Keep your security principles in your pocket all the time, because that's, that's your backbone and you can't be without them. Don't run away from cloud embrace cloud because that's going to stay and then make sure you understand your business needs and choose the business requirement, which impacts the most, and then prioritize that first. And of course, no big bang approach works here. So one step at a time.

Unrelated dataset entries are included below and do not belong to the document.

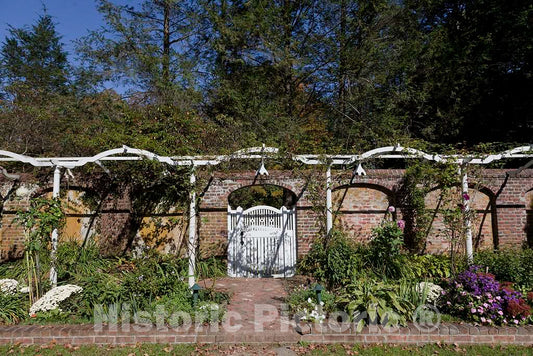 Photo - Keeler Tavern Museum and Garden House, Ridgefield, Connecticut- Fine Art Photo Reporduction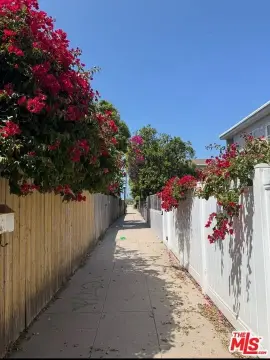 Four-Unit Coastal Quadplex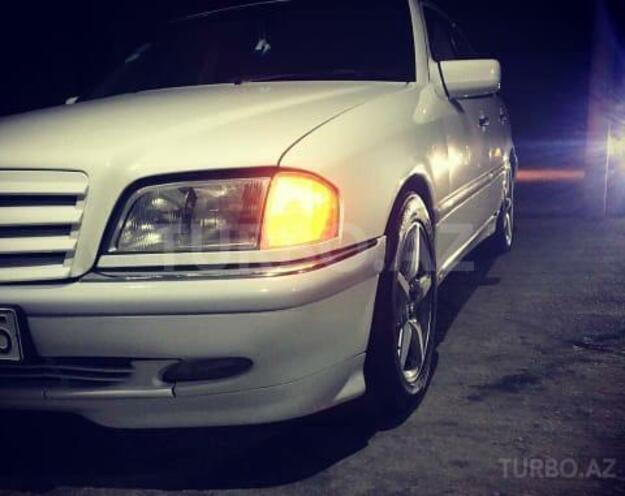 Mercedes C 230 2000, 163,000 km - 2.3 л - Bakı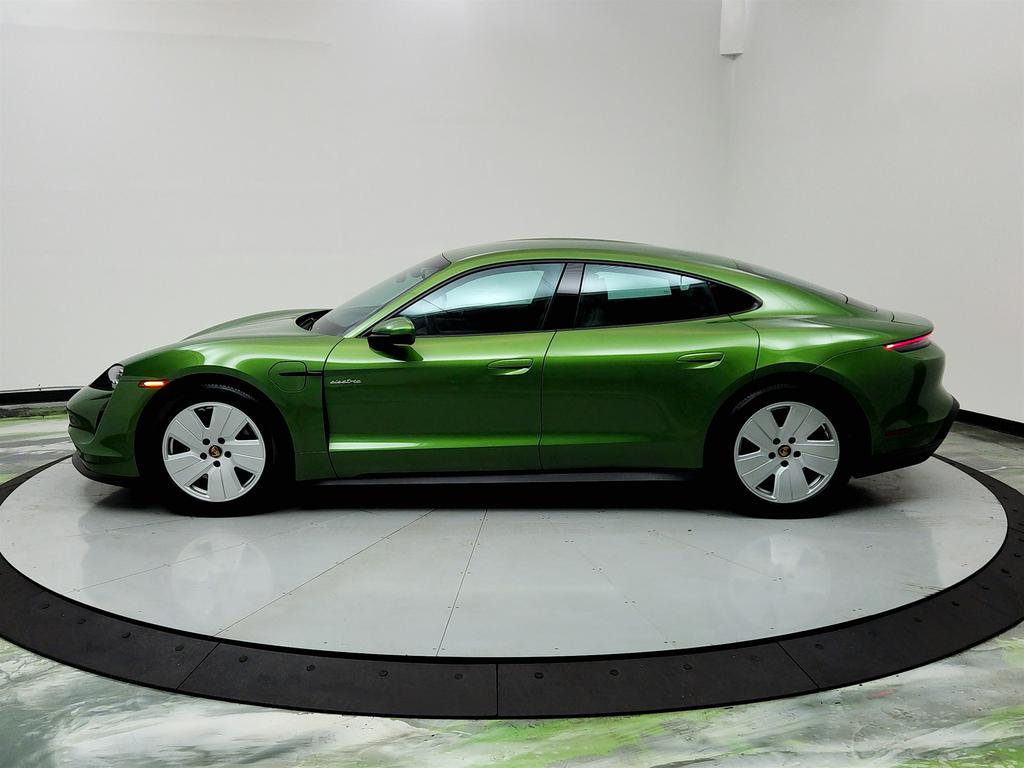 2021 Porsche Taycan  photo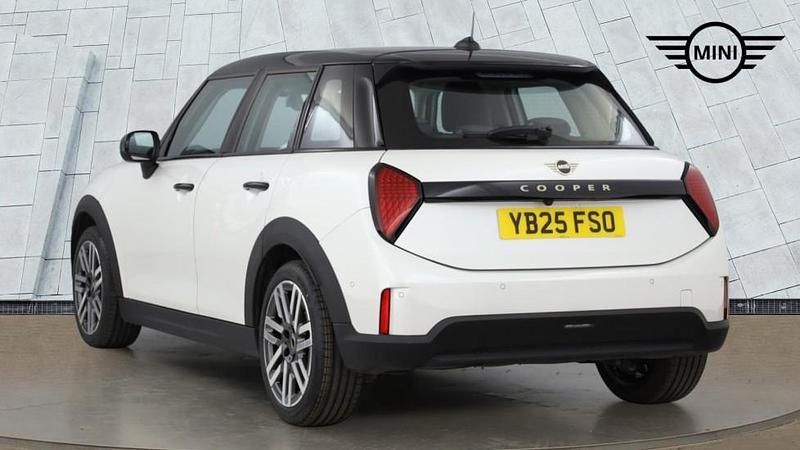 Used Mini Cooper Hatch 113 kW (154 HP) 2025 White Hatchback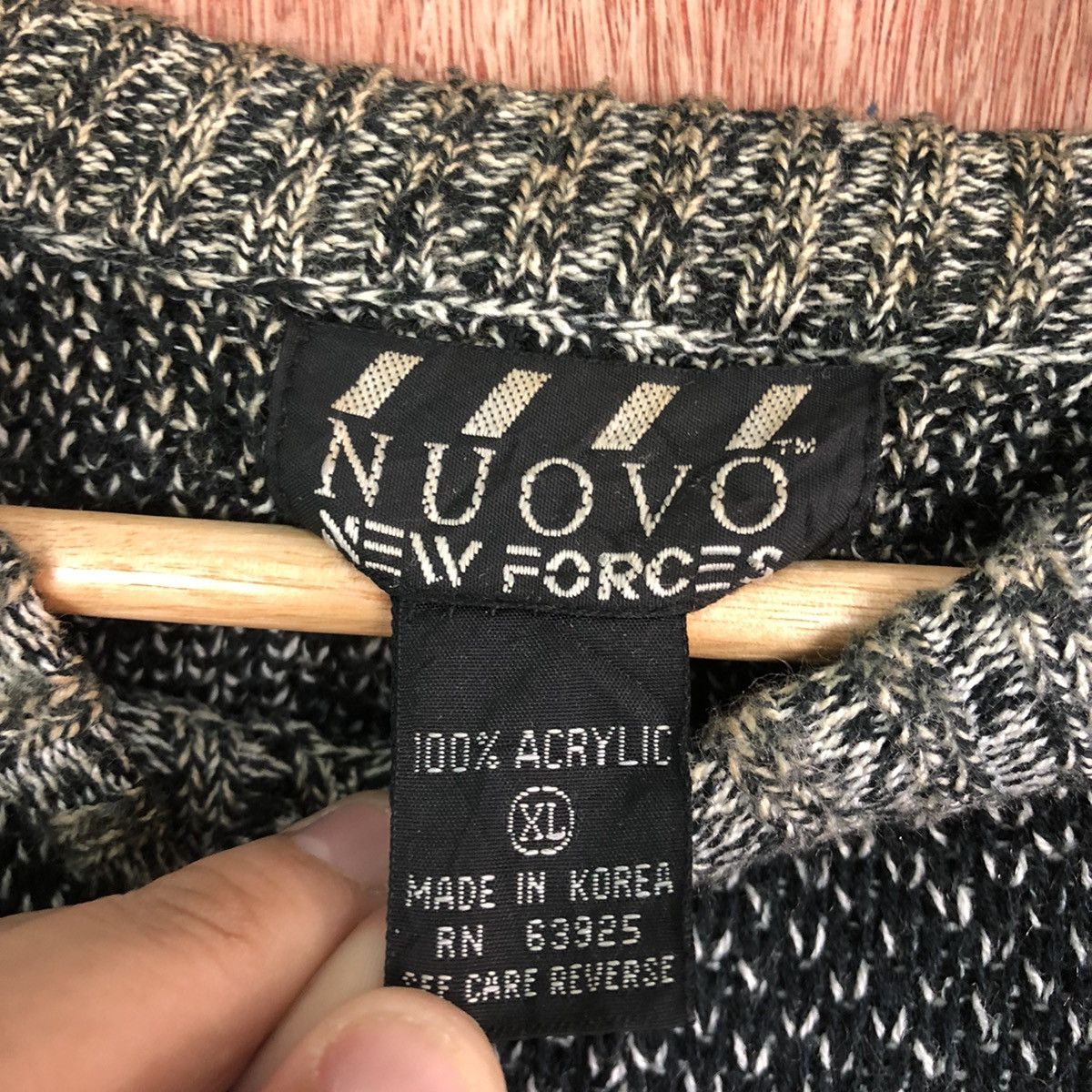 Vintage Nuovo New Forces Grey Knitwear art vintage #6117 Size US XL / EU 56 / 4 - 9 Thumbnail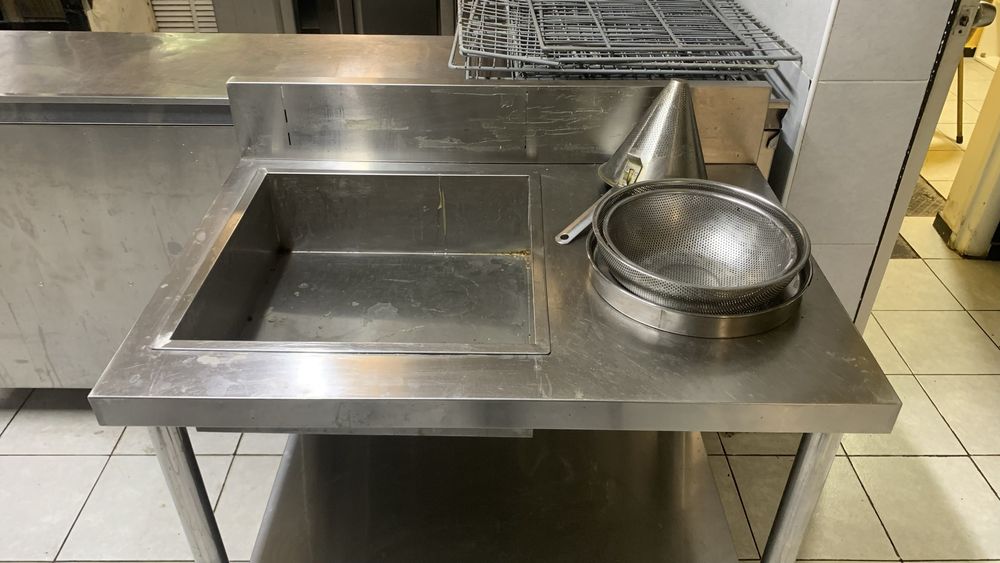 Продам стол холодильник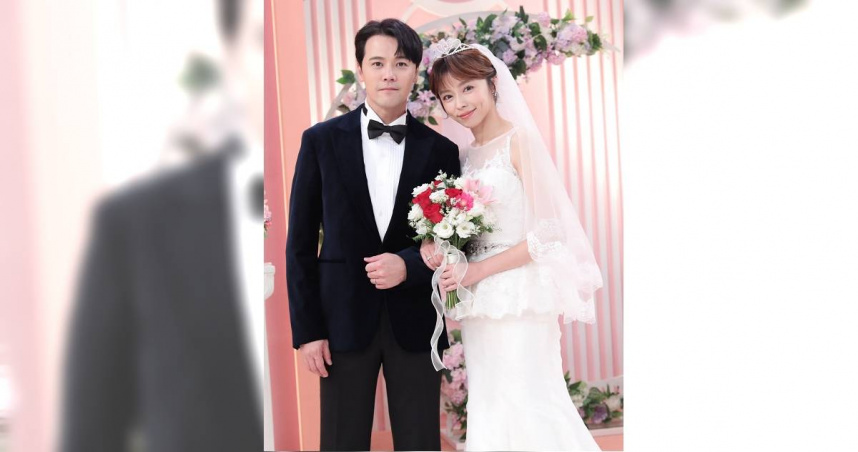 王瞳跟黃文星劇中修成正果拍婚紗。（圖／民視）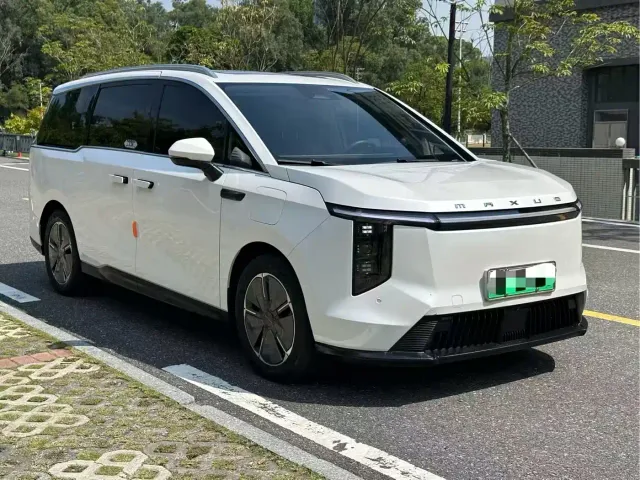 Maxus Dajia 7 — Фото автомобиля 3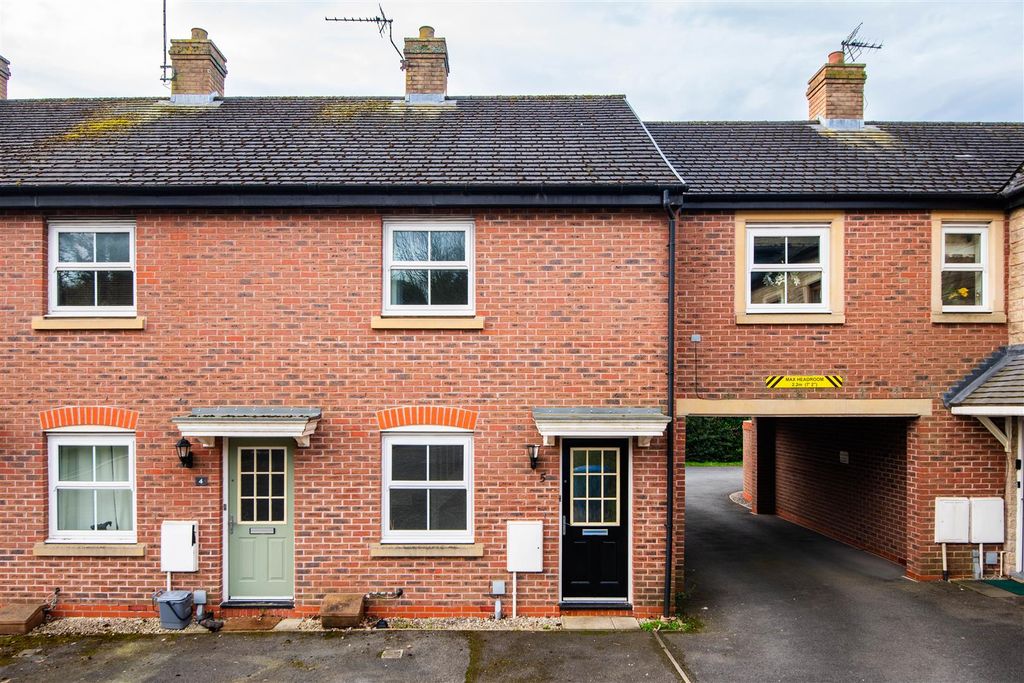 Property photo 1 of 15 Front External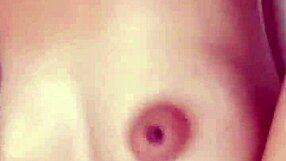 ella quiere que le deje el semen adentro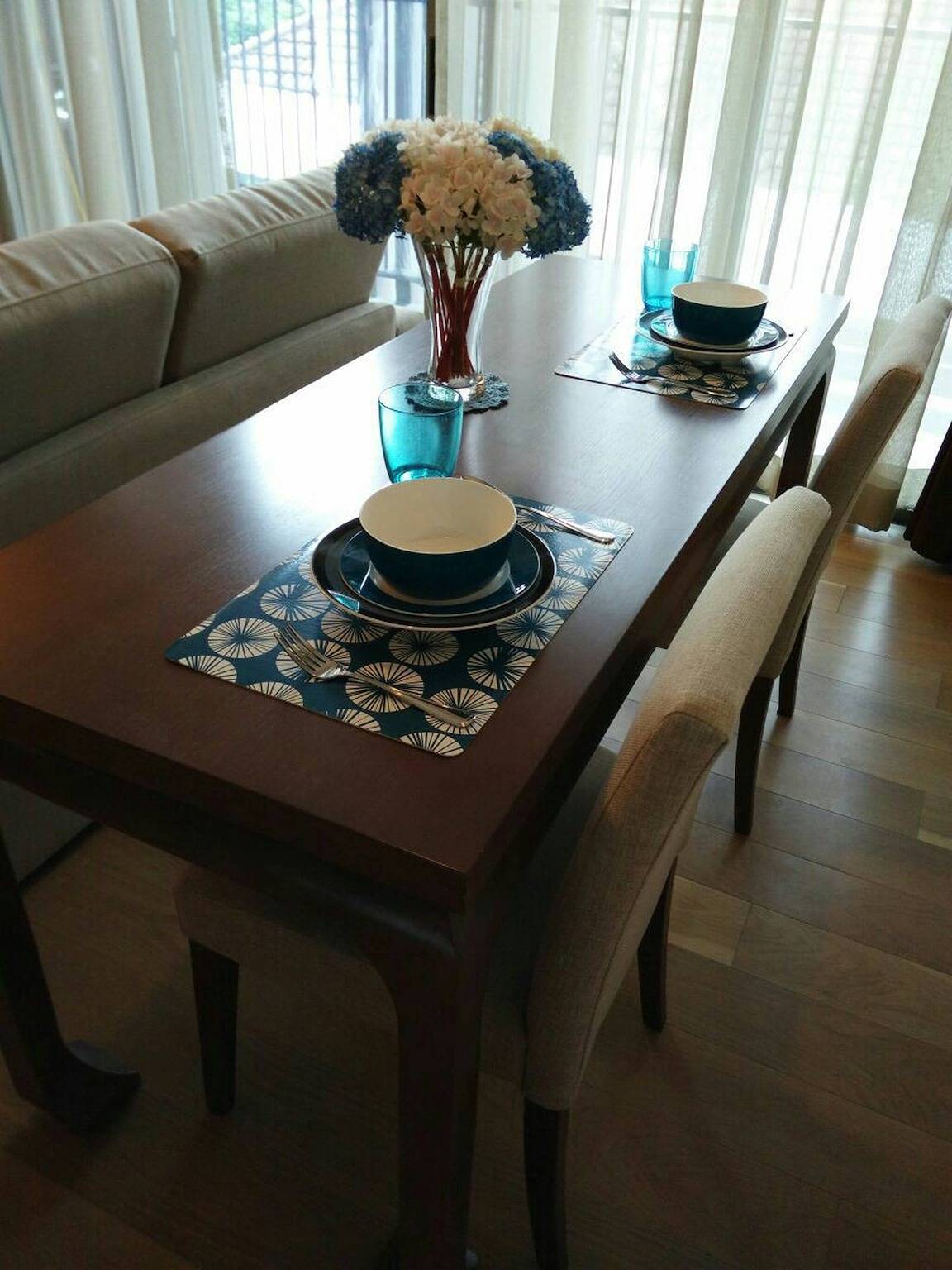 Entire apartment, S39- 1 Bedroom Downtown Apt with Balcony and Pool in Watthana District, Bangkok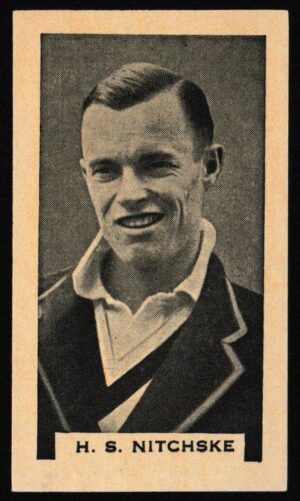 Phillips (Godfrey) - 'Test Cricketers 1932-1933' (1932) - Card #32 (BDV) - H.S. Nitchske (South Australia)
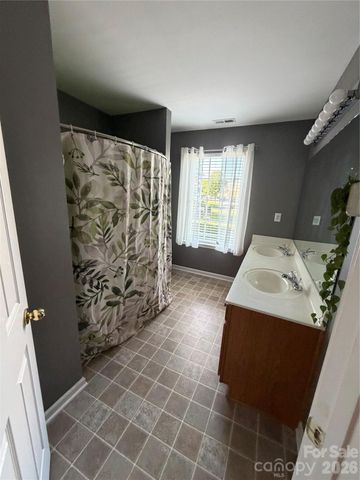 10523 Trolley Run Drive, Huntersville, NC 28031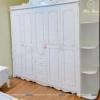 Tủ tân cổ điển 5 cánh với kệ góc trang trí bên phải, kích thước 2m4x2m3, hoa văn nhũ vàng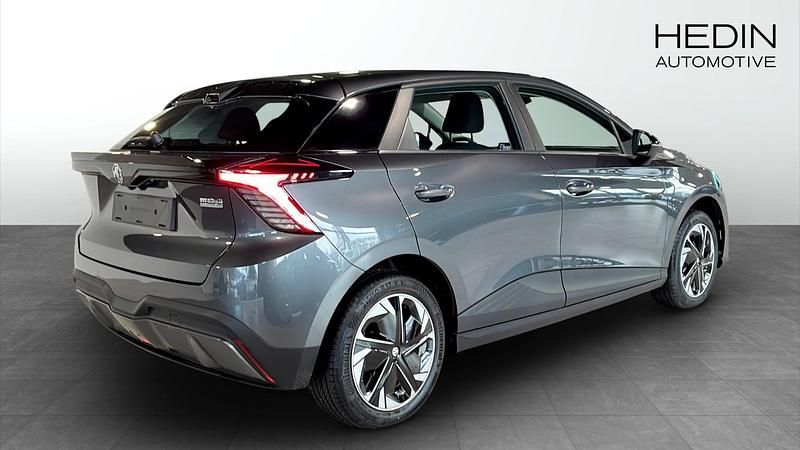 Begagnad MG MG4 EV 125 kW (170 HK) 2024 Grå Halvkombi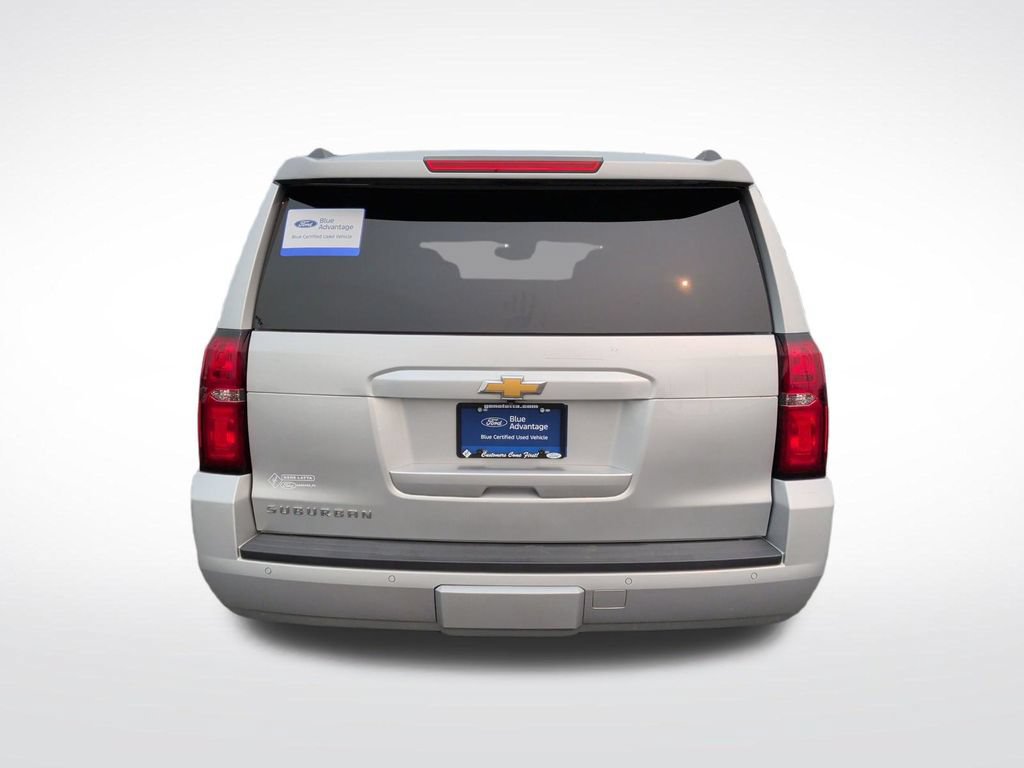 Used 2017 Chevrolet Suburban LT AWD/4WD image 15
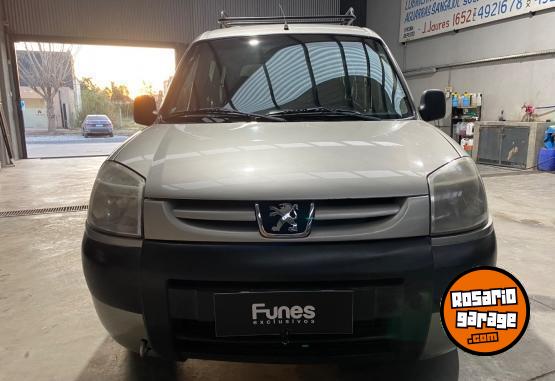Utilitarios - Peugeot Partner Patagonica 1.6 2013 Diesel 186000Km - En Venta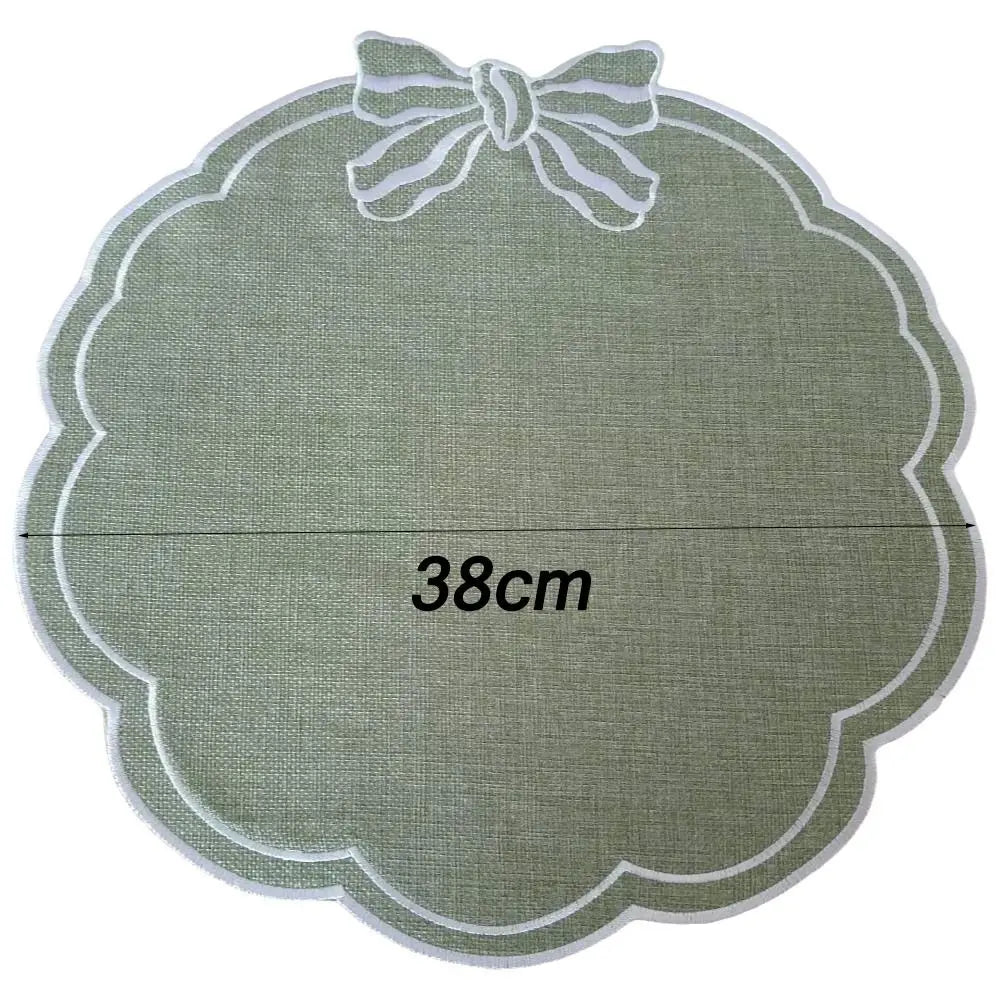 serviette table bleu clair vert rouge classique brodée toile lin bordure ondulée respectueux environnement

So that's what my recommendation is, how you will go in this journey.
Now I would ask you to ask yourself these questions, right, is, is what's your current requirements look like now, does it make sense with what you are implementing with your idea is, is your it team moving to cloud? Is there, is, is there a journey you are prepared for? How will your IGA solution look like if we have cloud in place, we have few modernization in your it team. Will it meet all the needs? Do you need something else?
Will, I don't know, maybe you have to think of another solution or a plugin, or maybe you have to decommission certain things and then how will you migrate? And by when should you do it? So these are some of the topics which I want to leave you with to think about how you want to modernize your IGA. So just towards the end to summarize, I want you to have a very open mindset first, except that traditional IA is now a legacy. Please start looking ahead ahead of the game and start thinking of what you are going to, how you are going to migrate.
Maybe add on, maybe migrate, maybe modify, right, and make your own evaluation, your prioritization, and then migrate or, or adopt. So that's, that's about it.
I, I did have a very bad voice. Sorry about that. But I'm open for questions.